Aveva fatto molto discutere, qualche
giorno fa, il video editoriale della conduttrice TV tedesca Anjar Reschke che
aveva usato la sua striscia di due minuti per lanciare l'allarme
sull'esplosione dell'odio contro i rifugiati, che si autoalimenta sui social
network: "Fino a poco tempo fa i razzisti commentavano usando pseudonimi.
Ora non si vergognano più, anzi frasi come, sporchi parassiti dovete annegare
in fondo al mare, ottengono valanghe di mi piace. E' ora di ribellarsi: quelli
che fomentano l'odio su internet devono sapere che non sono tollerati".

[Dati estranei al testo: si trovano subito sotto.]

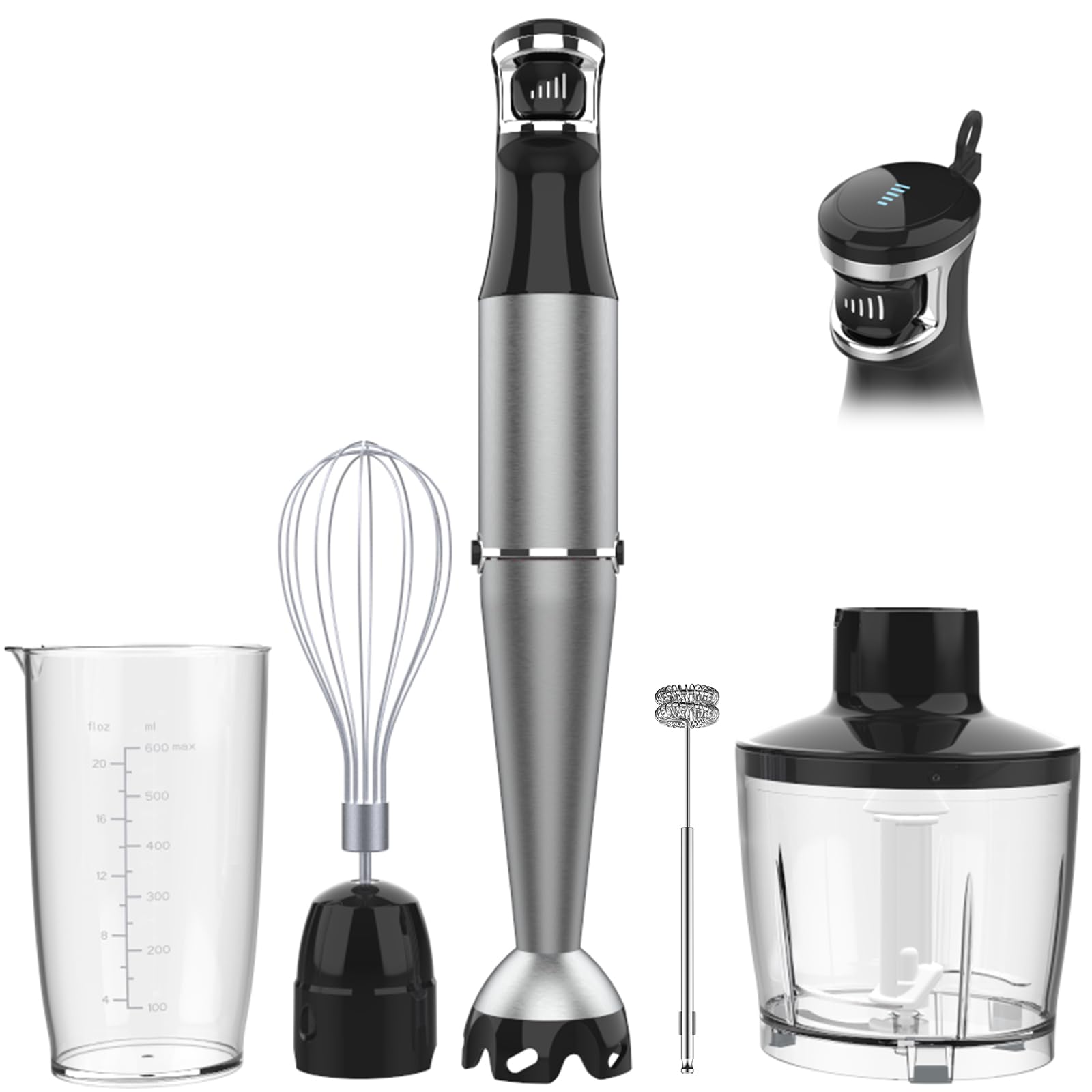 Immersion Blender Handheld Corded Hand Blender 1100W, Trigger Variable Speed 5 In 1 Stick Blender, Emulsion Blender With Chopper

Un vero e proprio manifesto contro l’odio
razziale. "Opponetevi, parlate, svergognateli in pubblico", rivolto
della gente per bene.
A chi si bea e si nutre di quel mix di
ignoranza, di razzismo, di turpitudine indecente e di brama populista, vorrei
anch’io raccomandare una cosa molto semplice: prima di vomitare parole d’odio e
manifestare disprezzo, cinismo e indifferenza, pensate nella vostra mente
deragliata a questa immagine simbolo, che parla agli occhi e fa male al cuore e
alla coscienza.
Un’ immagine che ne rappresenta mille, che
descrive una tragedia immensa, che sembra finta o tratta da una fiction, che
trasmette un significato che va oltre la presunta razionalità, che denuncia
l’egoismo di noi tutti, che racconta l’orrore della guerra e della morte e di
un mondo che non sa proteggere i bambini e gli indifesi. Un corpicino minuto e
composto, dignitoso nei suoi eleganti abiti e scarpette, che sembra dormire
esausto, come un bambolotto abbandonato, in un mare appena conosciuto, ma solo
per morire.
Rivedetela, ogni volta, nella vostra
testa, prima di aprire bocca o di scrivere cazzate e infamità. Prima di
insultare e sputare veleno.
Perché anche i vostri pregiudizi sono
simboli, come lo sono la vostra bassezza morale, come lo sono quelli che
accompagnano, rappresentano e indirizzano scelte di vita, politiche e religiose
di ciascuno.
Perché tutti noi viviamo immersi nei
simboli.
Perché i simboli parlano, esprimono e
comunicano più delle parole.
Perché i simboli usano un linguaggio
metaforico, ma universale.
Perché
Aylan, quel bimbo siriano di tre anni, su quella sabbia, non ha mai giocato.